Terminamos el almuerzo y tía Socorro retira los platos. Tío Alfonso abre su bocadillo, deja el envoltorio de hoja de palma al borde del plato, y toma su vaso de leche. Lo ingiere con fruición, y cada que toma un sorbo su lengua chasquea el paladar, como queriendo hacer saber que lo disfruta al extremo.

–Yo mañana viajo a Montería, don Alfonso, a primera hora, y empiezo a investigar. No se preocupe.

–Es que yo no me preocupo –dice tío Alfonso–. Doscientas cabezas más, doscientas menos… Lo que importa es la vida, Aldemiro. Mientras estemos vivos podemos devolverles todo el daño que hagan. No es si no que aparezcan por esta puerta, y vea, Esteban –se dirige por primera vez a mí–, los enciendo es a plomo, y los dejo llenos de huecos, que no se les distinga ni el rostro cuando vengan a hacer los levantamientos.

Luego le da unas órdenes a Aldemiro. Le dice que tiene que llevar unas alforjas, unas sillas de montar, dinero para darles a unos trabajadores. También dice que le compre el VHS a doña Isabel, una vieja del pueblo amiga suya, que se quedó viuda y sin el único hijo hace poco, en la última toma guerrillera.

–No se le olvide ese VHS. Mire que esa señora ha sido muy buena conmigo. Creo que hasta habla con los “muchachos” para que no me jodan mucho.
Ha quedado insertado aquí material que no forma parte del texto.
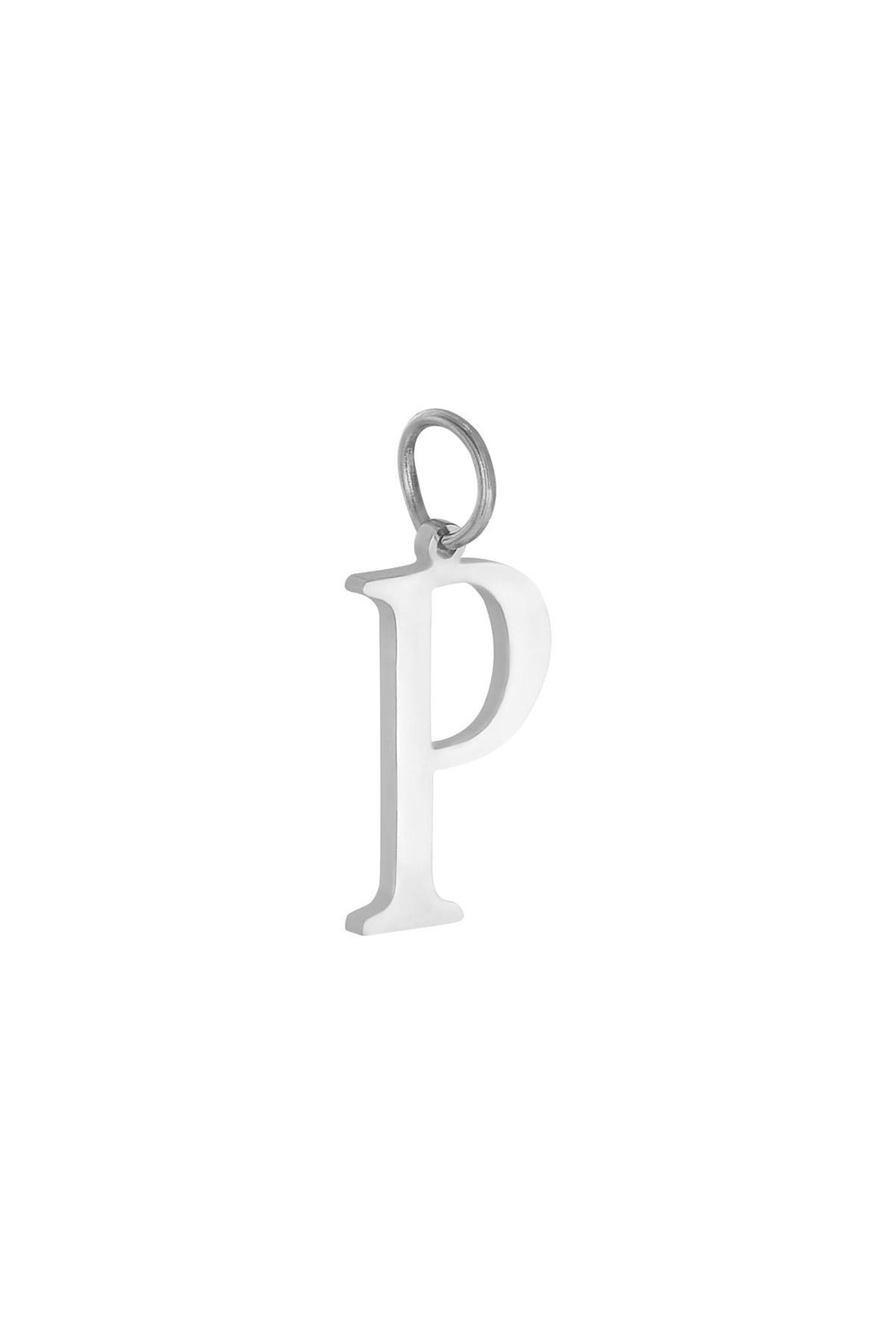 Charm with initial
En este confinamiento tío Alfonso lleva más de un mes. Cada que va a salir (que no son muchas las veces), se pone su chaleco antibalas, llama a portería para que vigilen escalas y ascensores, aguza su oído, se mete su revolver al cinto, Aldemiro hace lo mismo, y salen como par cowboys de película norteamericana, dispuestos a batirse con el que se interponga en el camino.

Al mercado, por ejemplo, no volvió. Y cuando sale, no demora más de dos horas. Hace las diligencias, y muy pronto regresa en su Renault al edificio. Aldemiro está viajando por estos días en avioneta a Montería. Cada cinco o seis días viene a Medellín, trae noticias, dinero, cartas, información. Tío Alfonso dirige, vuelve y manda, da órdenes y reparte el dinero necesario para tener a todos a raya. Para que no lo molesten más de lo necesario.

Al final de la tarde siento que ya primo Andrés y yo somos un adorno más de la casa. Podríamos salir, abrir las dos rejas con sus dobles candados, dar un portazo, y tío Alfonso, Aldemiro y tía Socorro seguirían allí, en la mesa, hablando, él cogiendo por momentos su pistola, poniendo unas balas en ella, apuntando al vacío, diciendo lo que va a hacer cuando ellos aparezcan. Aldemiro con cara de preocupación por lo que irá a venir, y, finalmente, tía Socorro orgullosa de estar casada con un ganadero acaudalado. Le digo por lo bajo a primo Andrés:

–¿Vamos?

–Esperate un momento –dice.

Toma una postura recta en su silla, cuello erguido, mirada altiva, y se dirige a tío Alfonso:

–Y qué, tío, ¿cuándo volvemos a Montería?

Tío Alfonso deja su revolver sobre la mesa, luego toma la mini uzi, uno de los últimos modelos, y apunta a primo Andrés.

–Así me verán –dice– cuando me los encuentre, y…

*“Los perseguidores” hace parte del libro Tiempo de zozobra, XII Concurso Nacional de Cuento Jorge Gaitán Durán, Gobernación del Norte de Santander, Cúcuta, 2010.